I need to know more about Brasil´s recent history. I don´t think I´ve ever made a trip here, even one of only two weeks, in which I didn´t here some reference to the military dictatorship that only ended in the mid 1980s.
Yesterday there was a story in the leading São Paulo newspaper about a lawsuit which was dismissed yesterday on procedural technicalities. A Brasilean couple were suing a leading official from the dictatorship for the torture and murder of their son, a São Paulo journalist, in the 1970´s. Of course, I couldn´t read it myself, but Heitor summarized it for me, and he was pissed. My sense is that nobody has ever been held accountable for numerous human rights abuses that occured during those years, and it is a very sore spot for Brasilians with a social conscious and a desire for justice. Those with the most to lose of course argue that the national interest is best served by letting some things lie undisturbed, by not opening up old wounds, looking forward and not backward and all that crap... apparently with a great deal of success.
What doesn´t seem to be disputed is that in 1964 the Brasilean military overthrew a legally elected government and that Lyndon Johnson´s was one of, if not the, first governments to recognize the new dictatorship, and was probably (no surprise) involved in the planning and execution of the coup. Apparently the U.S. ambassador has admitted as much, and acknowledged the presence of the U.S. navy off shore at the time of the coup, in case it was needed. This shouldn´t surprise anyone, because it should be pretty well known by now that the prism of anti-communism, through which we viewed everything that went on in the world at that time, caused a few, shall we say, distortions. Any concern for social justice and addresing the issue of economic inequities was, ipso facto (or ipso fatso as Archie Bunker put it), evidence of support from Moscow (or Peking, or Havana etc.) What I read on the internet (yes, I know,...) is that all the evidence now says that the only outside government involved in Brasilean politics at the time was Washington.

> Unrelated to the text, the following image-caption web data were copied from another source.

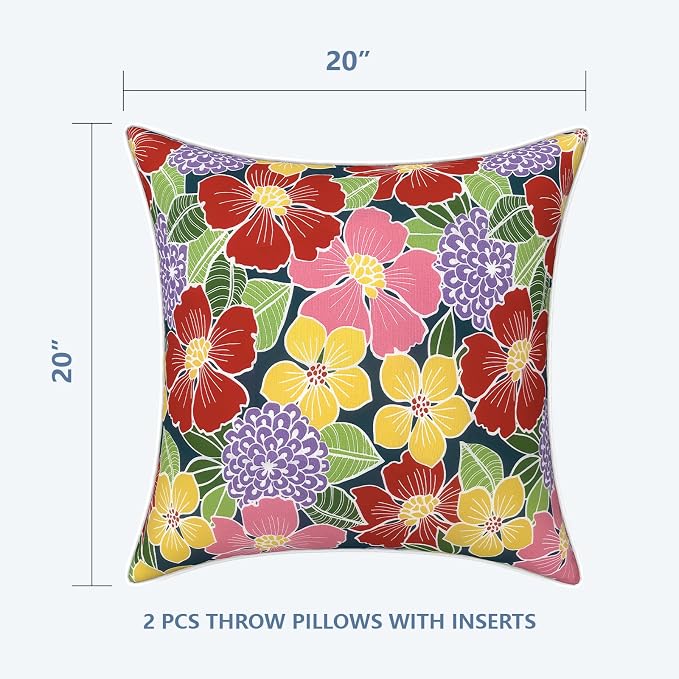 LVTXIII Outdoor Throw Pillows 20x20 Patio Waterproof Square Pillows with Piping Fade Resistant Accent Pillow for Spring Summer Garden Decoration, Set of 2, Flower Bloom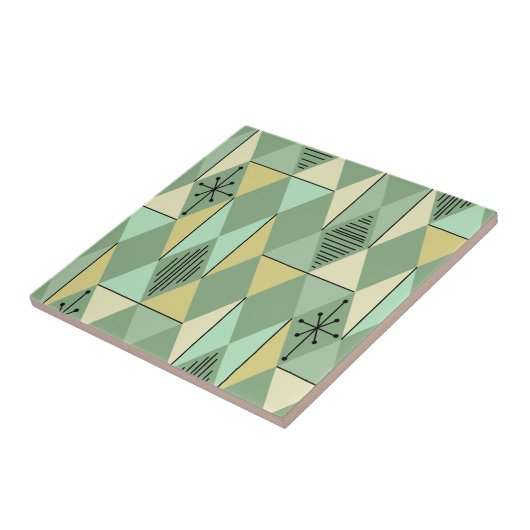 Atomic Age Art Diamonds Mint Green Yellow Tegeltje (Zijkant)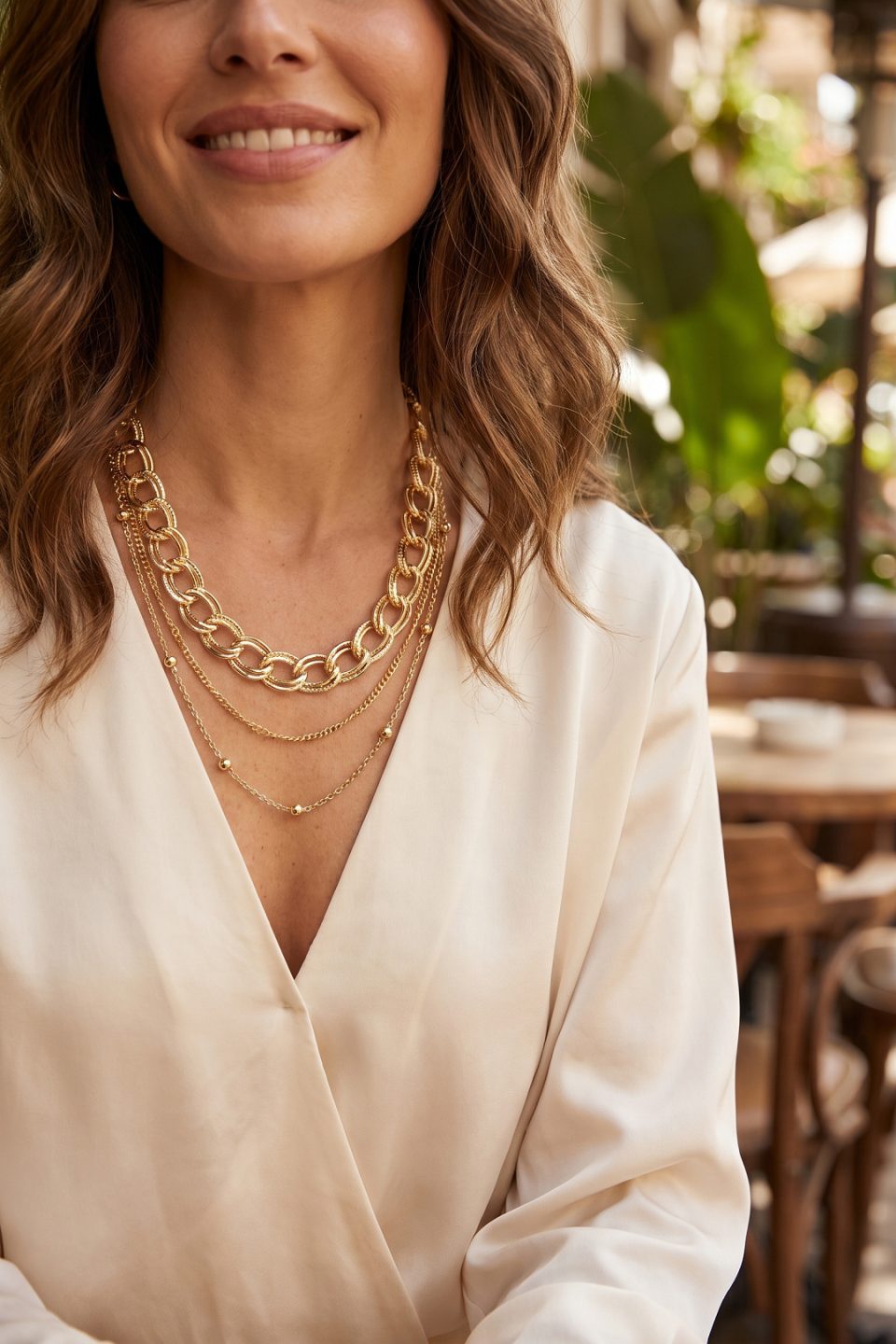 Shekka Gold Renk Pirinç Zincir Model Kombin Kadın Kolye — görsel 2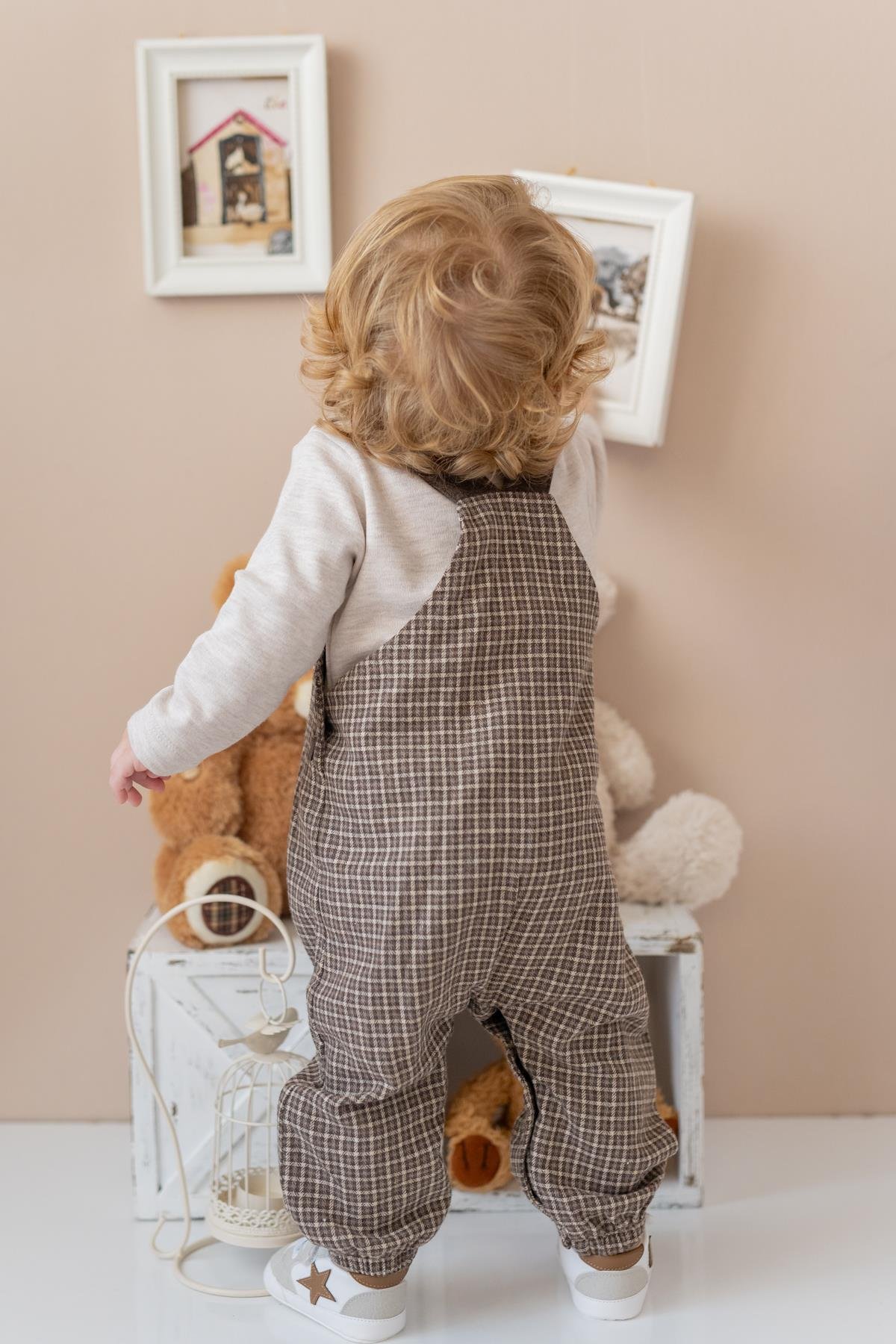Erkek Bebek Ekose Desen Salopet ve T-shirt Takım - Kahve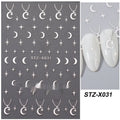 Sheet of black and silver strip cartoon nail stickers featuring a love motif design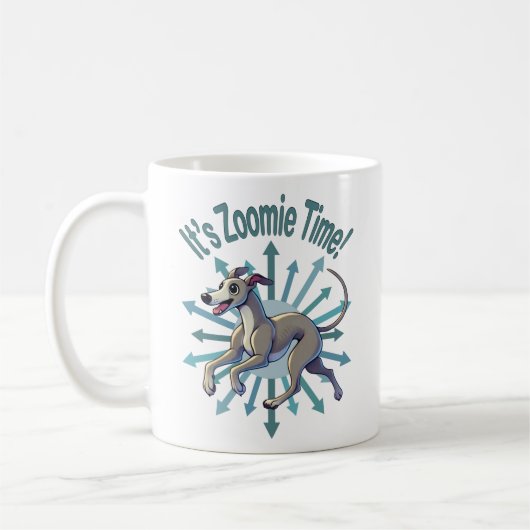 Es ist Zoomie Time Greyhound Kaffeetasse (Links)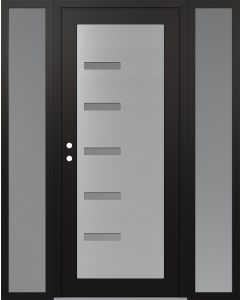 Diamond C8 60" x 80" black/white frosted Glass Panel stainless steel RHI with 2 Sidelites frosted Glass
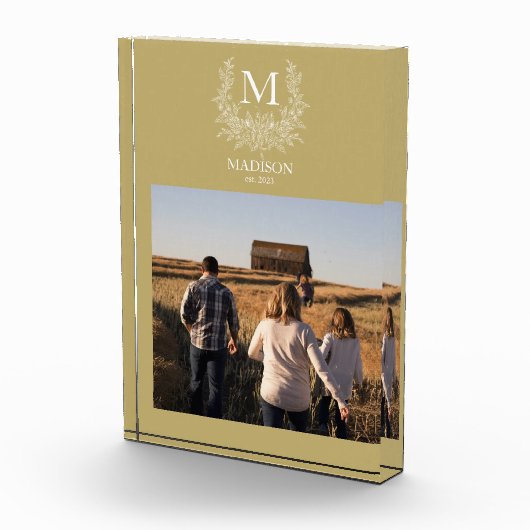 Rustieke Monogram Gepersonaliseerde Initiële Fotob Fotoblokken (Rechts)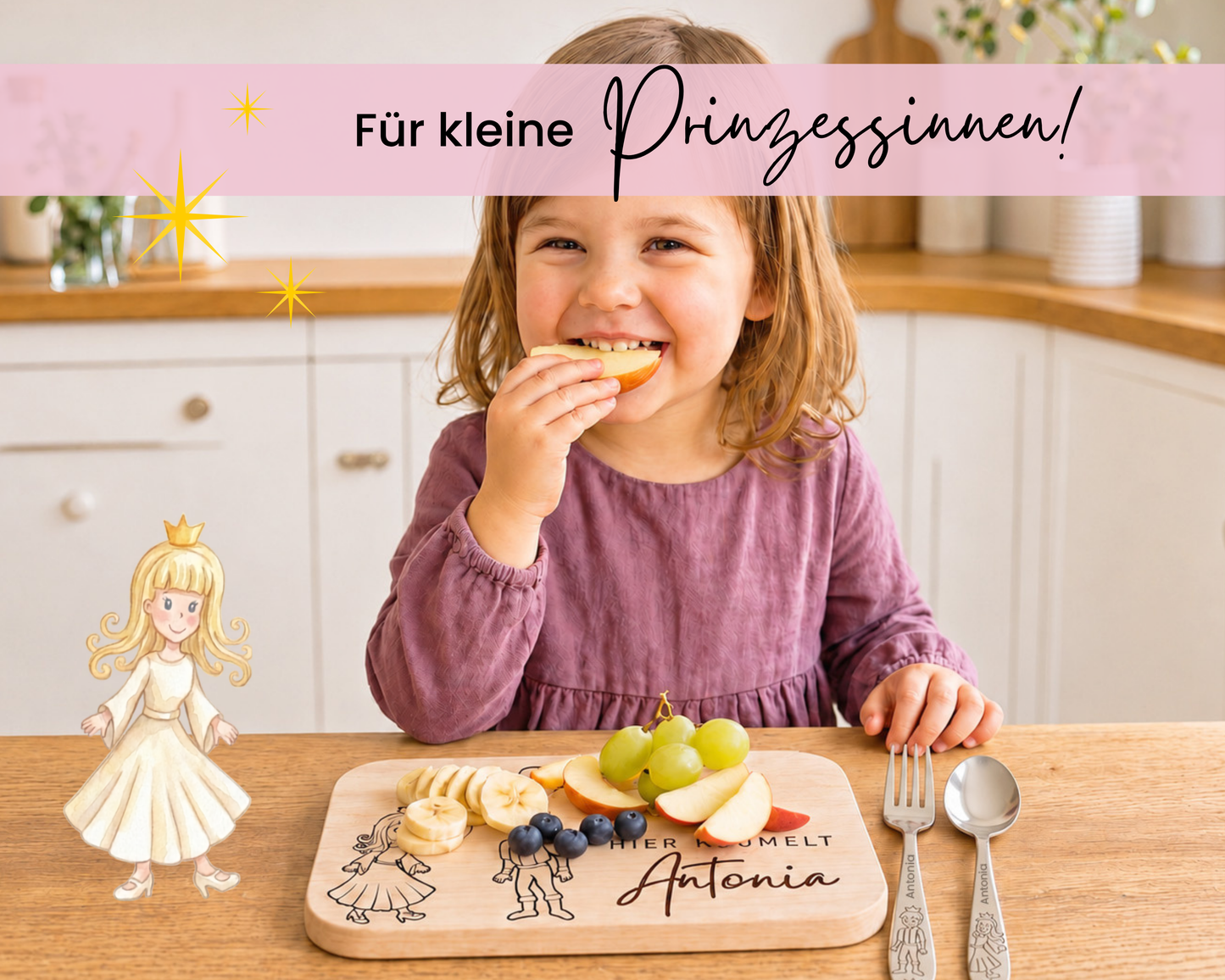 Kinderbesteck personalisiert Prinzessin mit Frühstücksbrett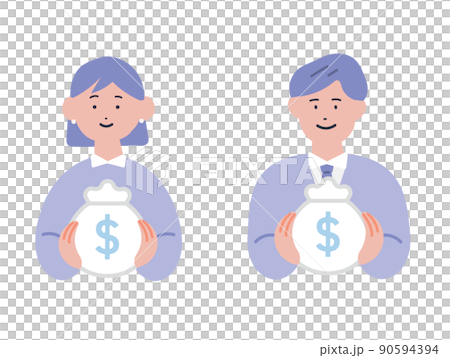 ドル袋を手に持つビジネスパーソンのイラスト ドル袋を手に持つビジネスパーソンのイラスト 90594394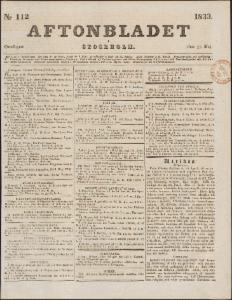 Aftonbladet Onsdagen den 15 Maj 1833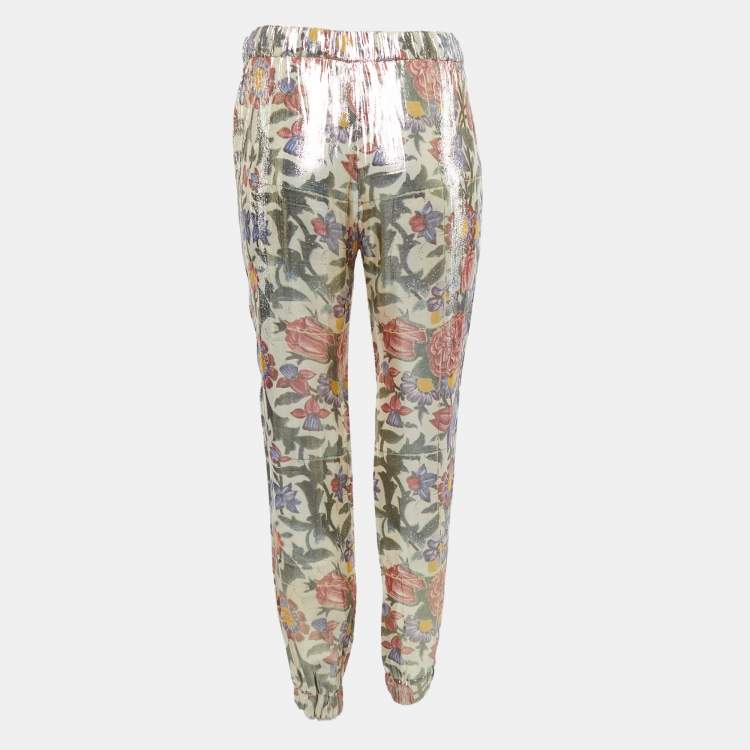 Pre Owned Chanel Gold Floral Metallic Lame Elastic Waist Pants S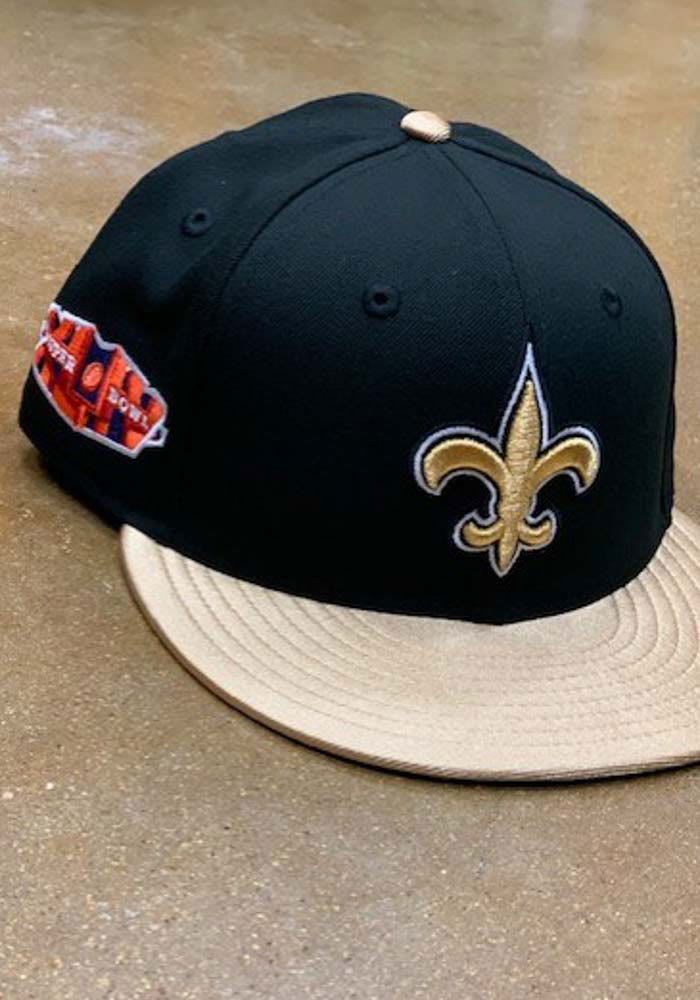 New Era Black New Orleans Saints Super Bowl XLIV Side Patch 59FIFTY Fitted Hat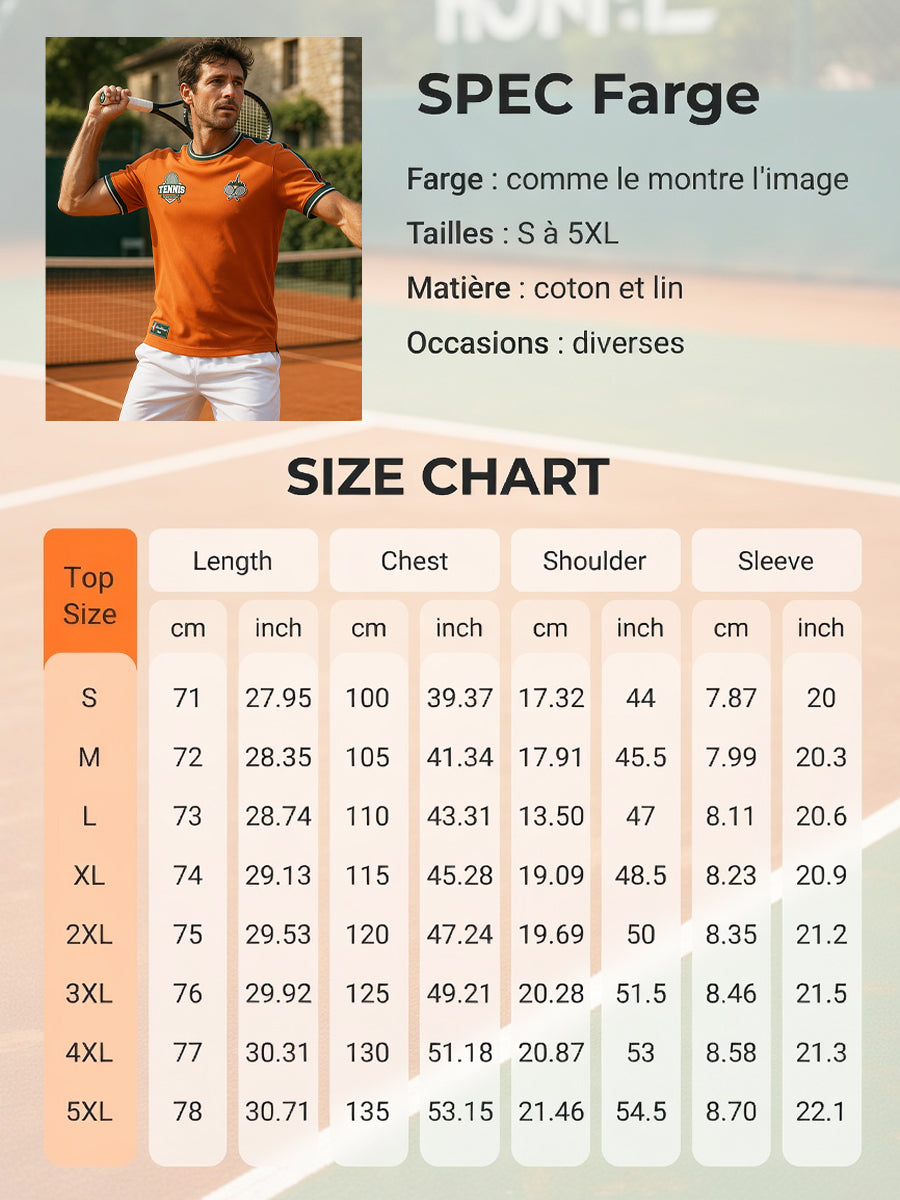 T-shirt décontracté rétro pour passionné de tennis français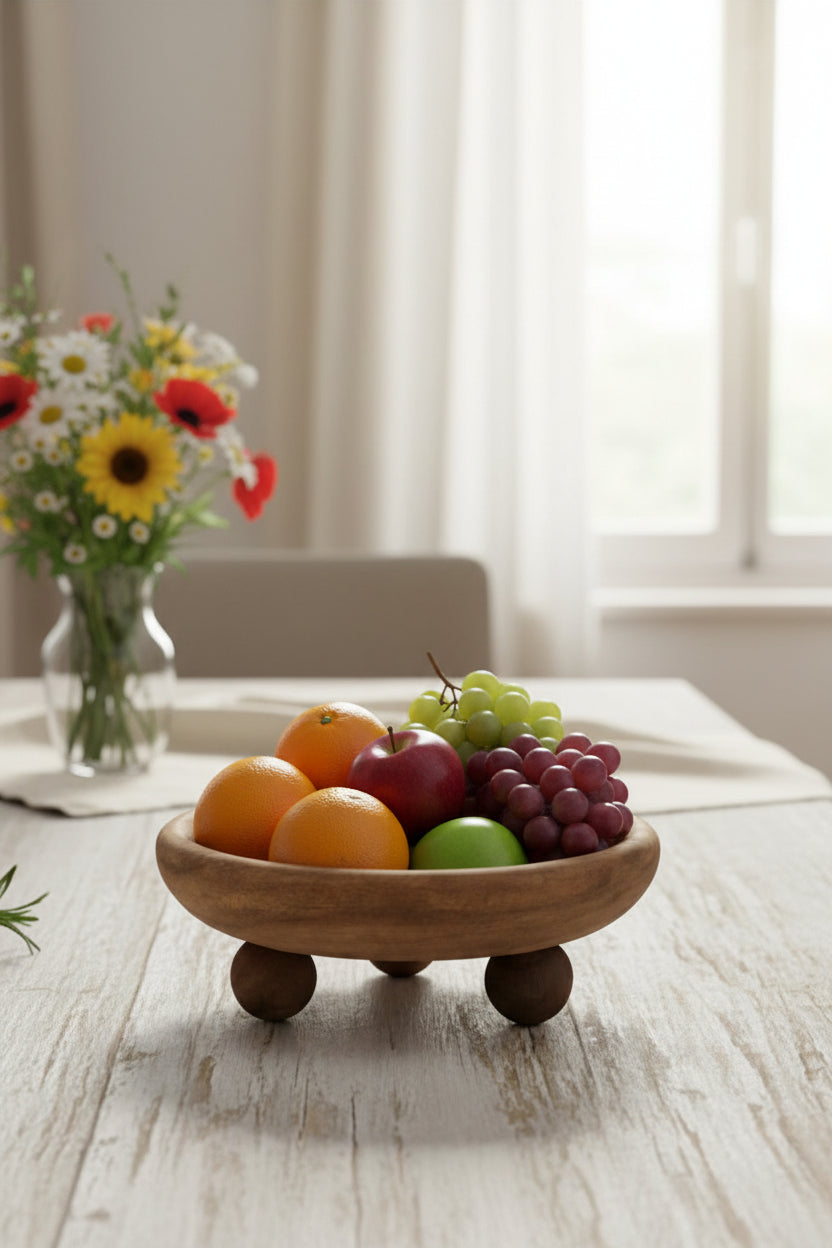 Wooden bowl on a kitchen counter with a stone wall and shelves in the background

Under the umbrella of the dictatorship, the fabric of democracy was maintained and political parties were apparently still allowed to operate. The two principal parties were known at the time as the ``Yes´´ party and the ``Yes, Sir´´ party.
According to Wikipedia, ``a government-sponsored truth and reconciliation commission in 2007, by the end of the dictatorship there were at least 339 documented cases of government-sponsored political assassinations or disappearances. Countless more were questioned, tortured, and jailed.´´ I want to know more about this, but haven´t been able to find much about it on line...other than the admission that no country, other than South Africa, has really made truth and reconciliation commissions work well enough to satisfy the majority of people.
Heitor has several books to recommend about that period, but I don´t know if any of them have been translated into English. And I let him leave for 10 days of work in Rio without remembering to get the titles from him. Long term, if I stay in Brasil, I need to have a better understanding of its politics and history...can´t help it, just need to. And then, of course, I will expect you to consider me the expert and defer to me in all matters Brasilean.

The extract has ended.